The logistic model has been fitted based on the variable selected from the above the step, The ROC curve is plotted and the area under the curve was found to be 0.8182. The false negative rate come out as 0.221.
best_insample <- glm(formula = response ~ chk_acct + duration + credit_his + purpose + amount + present_emp + installment_rate + sex + other_debtor + other_install+ foreign + n_credits + n_people, family = "binomial", data = train_german_credit)
insample_pred <- predict(best_insample,
type = "response")
insample_ROC <- roc(train_german_credit$response,insample_pred)

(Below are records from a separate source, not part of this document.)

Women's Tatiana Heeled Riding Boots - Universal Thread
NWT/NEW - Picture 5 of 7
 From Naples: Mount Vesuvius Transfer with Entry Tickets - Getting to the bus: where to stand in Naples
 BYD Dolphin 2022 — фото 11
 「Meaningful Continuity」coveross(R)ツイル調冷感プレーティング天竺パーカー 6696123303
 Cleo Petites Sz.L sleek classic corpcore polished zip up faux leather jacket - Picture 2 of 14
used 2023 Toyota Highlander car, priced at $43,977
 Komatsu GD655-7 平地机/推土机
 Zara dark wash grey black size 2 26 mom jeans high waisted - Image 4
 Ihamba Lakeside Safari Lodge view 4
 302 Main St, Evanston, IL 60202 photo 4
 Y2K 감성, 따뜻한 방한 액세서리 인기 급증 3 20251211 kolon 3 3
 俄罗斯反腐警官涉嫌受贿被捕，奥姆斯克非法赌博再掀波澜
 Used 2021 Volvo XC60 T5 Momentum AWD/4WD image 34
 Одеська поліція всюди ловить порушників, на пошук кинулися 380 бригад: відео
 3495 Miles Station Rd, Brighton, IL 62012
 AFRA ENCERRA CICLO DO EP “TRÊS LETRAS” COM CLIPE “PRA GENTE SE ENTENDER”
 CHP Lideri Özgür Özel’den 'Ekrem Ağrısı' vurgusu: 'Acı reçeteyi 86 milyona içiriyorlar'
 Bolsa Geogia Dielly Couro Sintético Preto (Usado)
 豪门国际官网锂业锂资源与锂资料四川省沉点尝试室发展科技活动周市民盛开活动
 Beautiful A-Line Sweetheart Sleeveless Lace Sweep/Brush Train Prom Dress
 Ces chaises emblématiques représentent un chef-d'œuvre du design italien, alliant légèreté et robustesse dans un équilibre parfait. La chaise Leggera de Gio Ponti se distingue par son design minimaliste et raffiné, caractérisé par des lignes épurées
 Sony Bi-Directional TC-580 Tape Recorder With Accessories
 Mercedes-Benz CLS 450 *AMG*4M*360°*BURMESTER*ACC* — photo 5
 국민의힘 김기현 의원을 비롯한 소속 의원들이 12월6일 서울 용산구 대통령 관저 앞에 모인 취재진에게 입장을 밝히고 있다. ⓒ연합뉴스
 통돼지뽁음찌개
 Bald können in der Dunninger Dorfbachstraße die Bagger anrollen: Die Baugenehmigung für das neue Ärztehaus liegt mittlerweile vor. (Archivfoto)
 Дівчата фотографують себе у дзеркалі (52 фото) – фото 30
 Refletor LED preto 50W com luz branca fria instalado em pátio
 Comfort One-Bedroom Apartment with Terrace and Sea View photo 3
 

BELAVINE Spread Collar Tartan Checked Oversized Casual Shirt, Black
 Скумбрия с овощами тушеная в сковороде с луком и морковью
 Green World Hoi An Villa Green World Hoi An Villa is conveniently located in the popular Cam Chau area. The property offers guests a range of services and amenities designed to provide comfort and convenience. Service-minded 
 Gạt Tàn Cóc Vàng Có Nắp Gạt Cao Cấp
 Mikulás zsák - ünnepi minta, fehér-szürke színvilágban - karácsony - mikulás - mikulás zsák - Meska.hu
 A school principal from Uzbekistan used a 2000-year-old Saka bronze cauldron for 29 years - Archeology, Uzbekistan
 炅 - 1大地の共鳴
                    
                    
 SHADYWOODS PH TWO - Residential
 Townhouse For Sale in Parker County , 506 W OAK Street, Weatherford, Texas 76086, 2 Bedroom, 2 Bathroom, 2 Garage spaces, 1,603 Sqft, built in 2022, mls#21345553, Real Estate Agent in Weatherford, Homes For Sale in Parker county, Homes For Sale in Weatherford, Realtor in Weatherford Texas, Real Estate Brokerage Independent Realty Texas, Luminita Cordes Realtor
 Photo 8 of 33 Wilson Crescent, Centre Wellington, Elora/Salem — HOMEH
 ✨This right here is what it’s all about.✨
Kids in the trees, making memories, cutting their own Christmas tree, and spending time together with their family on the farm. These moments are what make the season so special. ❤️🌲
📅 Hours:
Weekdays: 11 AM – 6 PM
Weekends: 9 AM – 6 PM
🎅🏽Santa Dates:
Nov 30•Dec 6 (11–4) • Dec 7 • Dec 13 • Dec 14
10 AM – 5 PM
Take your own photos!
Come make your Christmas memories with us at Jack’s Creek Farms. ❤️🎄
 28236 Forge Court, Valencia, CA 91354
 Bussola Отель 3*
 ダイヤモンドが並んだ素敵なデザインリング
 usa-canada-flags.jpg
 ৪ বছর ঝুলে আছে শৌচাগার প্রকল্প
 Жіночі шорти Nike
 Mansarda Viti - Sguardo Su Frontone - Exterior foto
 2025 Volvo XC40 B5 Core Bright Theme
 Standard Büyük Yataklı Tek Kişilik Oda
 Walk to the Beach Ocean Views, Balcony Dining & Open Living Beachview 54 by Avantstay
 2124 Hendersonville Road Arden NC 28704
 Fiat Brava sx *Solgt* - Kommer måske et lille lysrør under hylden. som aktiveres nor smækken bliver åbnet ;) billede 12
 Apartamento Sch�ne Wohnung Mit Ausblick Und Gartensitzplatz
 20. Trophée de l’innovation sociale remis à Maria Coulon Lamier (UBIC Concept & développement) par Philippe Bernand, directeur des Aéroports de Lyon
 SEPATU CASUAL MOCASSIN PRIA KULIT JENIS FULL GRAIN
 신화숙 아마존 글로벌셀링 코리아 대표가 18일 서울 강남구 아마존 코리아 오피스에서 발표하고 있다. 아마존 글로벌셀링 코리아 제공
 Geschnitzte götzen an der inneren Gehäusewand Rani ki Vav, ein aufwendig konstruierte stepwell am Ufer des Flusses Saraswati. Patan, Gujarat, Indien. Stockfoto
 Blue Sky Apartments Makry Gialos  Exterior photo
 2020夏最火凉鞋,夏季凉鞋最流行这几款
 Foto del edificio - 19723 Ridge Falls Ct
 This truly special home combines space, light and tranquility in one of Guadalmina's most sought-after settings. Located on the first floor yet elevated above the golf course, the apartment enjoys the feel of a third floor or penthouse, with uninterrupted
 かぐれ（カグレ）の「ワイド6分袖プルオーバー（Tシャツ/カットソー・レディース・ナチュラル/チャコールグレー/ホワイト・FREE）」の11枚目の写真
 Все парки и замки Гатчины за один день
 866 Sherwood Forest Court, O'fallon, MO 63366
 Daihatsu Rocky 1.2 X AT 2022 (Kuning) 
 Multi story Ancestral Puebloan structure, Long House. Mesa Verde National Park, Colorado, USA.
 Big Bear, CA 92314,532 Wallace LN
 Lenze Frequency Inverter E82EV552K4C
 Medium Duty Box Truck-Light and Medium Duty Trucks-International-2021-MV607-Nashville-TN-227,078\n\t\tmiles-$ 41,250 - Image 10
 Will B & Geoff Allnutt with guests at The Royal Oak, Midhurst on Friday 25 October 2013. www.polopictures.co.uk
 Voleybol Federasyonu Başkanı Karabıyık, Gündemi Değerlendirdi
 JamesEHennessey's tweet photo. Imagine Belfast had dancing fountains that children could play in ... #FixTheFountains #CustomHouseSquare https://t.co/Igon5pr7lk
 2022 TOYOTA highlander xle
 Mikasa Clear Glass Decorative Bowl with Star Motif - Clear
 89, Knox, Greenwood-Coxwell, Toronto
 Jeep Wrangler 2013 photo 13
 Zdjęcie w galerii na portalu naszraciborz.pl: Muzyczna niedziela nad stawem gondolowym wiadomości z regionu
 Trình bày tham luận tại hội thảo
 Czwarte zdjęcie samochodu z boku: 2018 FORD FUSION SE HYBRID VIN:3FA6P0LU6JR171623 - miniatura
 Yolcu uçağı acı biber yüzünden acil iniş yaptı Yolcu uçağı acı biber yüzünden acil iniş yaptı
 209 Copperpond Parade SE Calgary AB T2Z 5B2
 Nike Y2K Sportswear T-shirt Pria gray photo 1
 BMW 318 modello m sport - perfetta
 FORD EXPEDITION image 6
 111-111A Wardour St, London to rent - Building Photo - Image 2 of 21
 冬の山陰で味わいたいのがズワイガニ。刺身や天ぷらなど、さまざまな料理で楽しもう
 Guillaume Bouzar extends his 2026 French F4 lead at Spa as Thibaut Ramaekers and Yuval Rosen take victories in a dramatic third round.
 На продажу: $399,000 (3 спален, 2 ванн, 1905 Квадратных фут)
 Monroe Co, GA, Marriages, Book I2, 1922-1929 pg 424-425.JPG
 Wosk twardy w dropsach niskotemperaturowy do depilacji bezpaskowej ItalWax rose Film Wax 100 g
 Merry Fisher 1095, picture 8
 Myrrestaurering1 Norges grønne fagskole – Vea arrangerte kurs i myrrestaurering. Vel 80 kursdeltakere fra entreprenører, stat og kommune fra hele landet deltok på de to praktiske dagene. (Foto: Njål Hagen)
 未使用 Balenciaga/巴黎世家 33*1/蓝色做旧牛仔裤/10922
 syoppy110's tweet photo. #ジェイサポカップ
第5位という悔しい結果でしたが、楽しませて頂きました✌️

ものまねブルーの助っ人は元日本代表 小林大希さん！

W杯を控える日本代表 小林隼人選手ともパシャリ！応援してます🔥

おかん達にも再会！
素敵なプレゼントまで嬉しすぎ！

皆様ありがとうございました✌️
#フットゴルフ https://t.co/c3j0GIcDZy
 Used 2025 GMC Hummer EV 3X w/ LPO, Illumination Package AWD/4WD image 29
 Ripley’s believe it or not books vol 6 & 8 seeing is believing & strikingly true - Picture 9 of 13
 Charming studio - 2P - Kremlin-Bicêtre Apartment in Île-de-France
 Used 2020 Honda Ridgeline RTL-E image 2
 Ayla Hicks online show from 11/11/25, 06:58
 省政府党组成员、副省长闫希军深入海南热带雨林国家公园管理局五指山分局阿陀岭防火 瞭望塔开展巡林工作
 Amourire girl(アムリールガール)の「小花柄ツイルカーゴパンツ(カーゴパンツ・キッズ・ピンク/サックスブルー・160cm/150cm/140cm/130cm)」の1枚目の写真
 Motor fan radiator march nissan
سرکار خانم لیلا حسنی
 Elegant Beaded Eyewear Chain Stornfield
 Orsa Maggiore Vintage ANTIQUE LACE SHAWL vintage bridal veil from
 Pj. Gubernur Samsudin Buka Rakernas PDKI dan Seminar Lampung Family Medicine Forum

plot(insample_ROC, col = "blue")
auc(insample_ROC)
## Area under the curve: 0.8182
insamplecutoff_prob <- coords(insample_ROC,"best",ret = "threshold")
insample_class <- ifelse(insample_pred > insamplecutoff_prob, 1, 0)
table(insample_class,train_german_credit$response,
dnn = list("predicted", "actual"))
## actual
## predicted 0 1
## 0 359 52
## 1 156 183
The ROC curve is plotted and the area under the curve was found to be 0.8124 The false negative rate is calculated to be 0.138
best_log <- glm(formula = response ~ chk_acct + duration + credit_his + purpose + amount + present_emp + installment_rate + sex + other_debtor + other_install+ foreign + n_credits + n_people, family = "binomial", data = train_german_credit)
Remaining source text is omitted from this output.